Defendant failed to establish that an “administrative order or administrative grant of permission” was the basis for his action under the mistake of law defense under Hawai'i Revised Statutes (HRS) § 702-220(3) (1993).1

Also, because Defendant testified that he thought “it was a little bit funny” and “chuckled” when the police officer allegedly challenged him and his passenger to a fight, I believe it was within the trial court’s discretion to find, under the facts of this case, that *155Defendant did not reasonably believe he was in danger of “imminent harm” under the “choice of evils” defense in HRS § 703-302(1) (1993).

However, I must disagree with the majority’s reliance on State v. Kealoha, 9 Haw.App. 115, 826 P.2d 884 (1992) with respect to the “choice of evils” defense. I do not believe that Kealoha is viable authority under HRS § 703-302 because the common law requirements set forth in Kealoha conflict with the express language of HRS § 703-302. In that connection, HRS § 701-102(2) (1993) provides, “The provisions of this Code govern the construction of and punishment for any offense set forth herein committed after the effective date, as well as the construction and application of any defense to a prosecution for such an offense.” (Emphases added.) The Hawai'i Penal Code (the Code) was adopted and took effect on January 1, 1973, prior to Kealoha and the instant case. 1972 Haw.Sess.L.Act 9, § 100 at 32. After that date, the express language of the Code is controlling.
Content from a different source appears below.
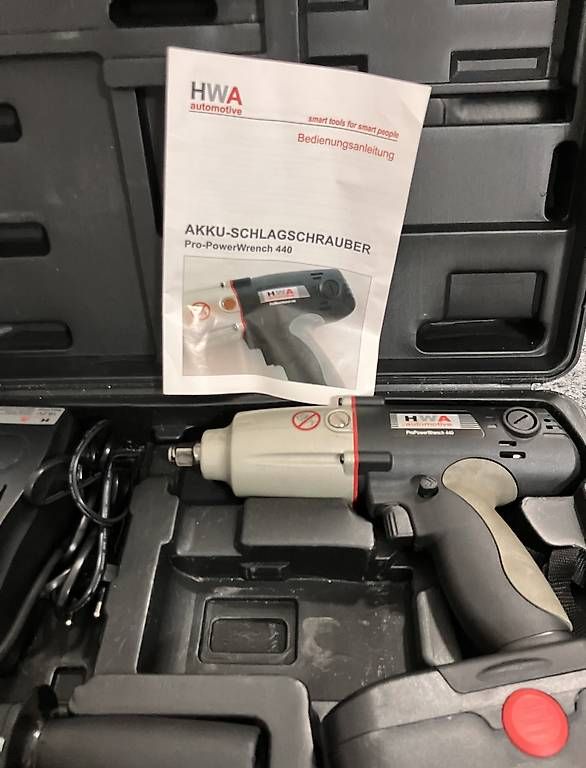 Alle Werkzeuge: KFZ Akku-Schlagschrauber – Gebraucht aus Schmerikon von Amco 4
Under HRS § 703-302(1), the justification defense is satisfied when the following factors are established: the defendant (1) reasonably believes (2) the conduct is necessary (3) to avoid harm or evil to the actor or another which is (4) imminent, and (5) the harm or evil sought to be avoided is greater than the violative conduct. However, the majority, as a matter of law, redefines the “reasonably believes” factor to specifically require that there be no “third alternative available” and that the conduct be “reasonably designed to actually prevent the threatened greater harm.” Kealoha, 9 Haw.App. at 118, 826 P.2d at 886 (emphasis added). These requirements, first posited in Kealoha and applied here, are not included in the express language of HRS § 703-302.

Such requirements go beyond the factors denominated under the statute. They impose additional burdens on a defendant, not authorized, and therefore, I cannot agree with the majority’s reformulation of the “choice of evils” defense statute.

. I would not reach, and therefore, do not necessarily agree with the majority's analysis of the "administrative grant of permission” language in Hawai'i Revised Statutes (HRS) § 702-220(3) (1993). Defendant did not assert the mistake of law defense in his brief and did not claim that he relied on an "administrative order.” Defendant, however, did argue that the transcript indicated that he had "permission to leave,” and thus, Defendant did not have the requisite intent under HRS § 710-1027 (1993) to disobey the officer’s order to stop. The majority opinion characterizes Defendant's argument as one under HRS § 702-220(3) (1993).

Defendant did assert the "choice of evils” defense under HRS § 703-302 (1993) in his brief.